Street Talk
By Mickey Howley
The Valley started filling up early last Saturday, earlier than normal for the Crawl. The hipsters were heading to the Hendricks Machine Shop on South Main Street where Yalobusha Brewing was hosting an event called “Analog Valley.” The Brewery crew had brought in a record collection numbering in the tens of thousands and was having a sale. That’s right, selling record albums as in LPs and 33 RPMs and 12 inches of round flat grooved vinyl.
Albums are cool again and back from an almost digital death. Why? Digital sound is crisp, but cold where analog sound is warm and fuzzy—yes I know I used that term in last week’s column. Warm and fuzzy beats cold and crisp. And there is the cover art. People collect albums for the art. So that art and music crowd had a great warm up for the Art Crawl.
It is always hard to put number on an event like the Art Crawl. A former Valley resident now living in Nashville who came back just for the event said crawl night is “like Halloween for adults” as there is art and music and food and fun by just going house to house. This year there were people not just from Memphis and Jackson, but visitors from as far as New Orleans and Atlanta who also came just for the crawl. That’s some good miles and outreach numbers. There were 40-plus artists showing or performing also, the number that sticks in my head this time is the range from oldest to youngest—right at 70 years difference. One veteran crawler told me this was the best crawl yet and thanks for that goes to a lot of folks. Of course it is the WV Arts Council initiative, but the city – from the mayor’s office to the electric department to the street department really makes the town light up and shine that night. And because it is a free event, the hosts and sponsors really make the critical difference. The WVAC has a thank you ad in this paper and give it a read as to who has been helping and also thank them when you see them next.
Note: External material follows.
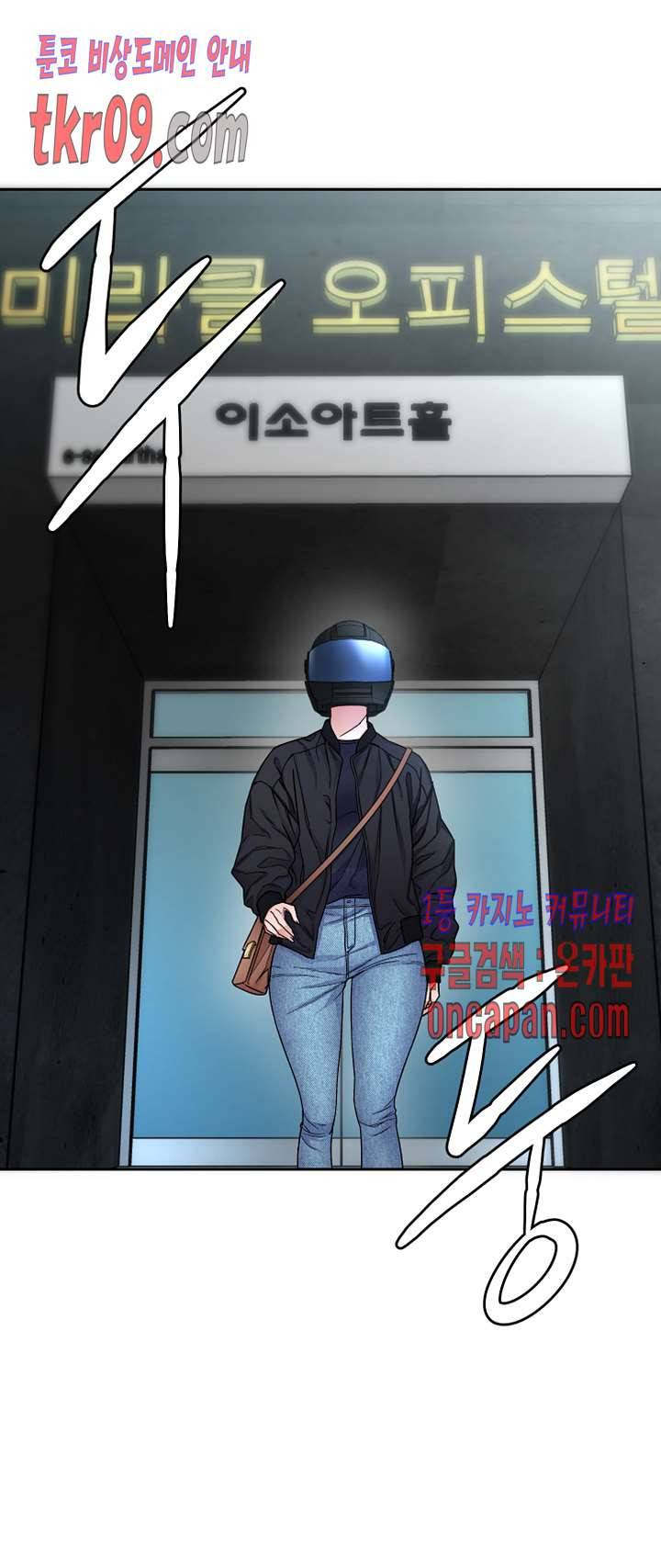 원킬 35화 2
Patrice Frey, the National Director for Main Street, spent the night in the Valley last Wednesday. A whole bunch of Water Valley Main Street folks came out to see her at the Crawdad Hole. She was positively im-pressed with this town and what is going on and where we collectively are going. I think the big questions for her was how does a small town do big things, be a place that matters while keeping and also attracting creative folks. She heard it from me, but also everybody else, that at the core it’s a common philosophy with collective effort and individual expression. She said she’d be back within 2 years.
The Blue Devils are well into the season by now and as this first week of fall starts they’ll slowly get a break on the weather. This week is homecoming week at WVHS and the downtown pep rally is this Thursday, Sept. 25 at 6 p.m. at the pavilion in Railroad Park. Come out and cheer the Blue Devils on and see the seniors and homecoming court.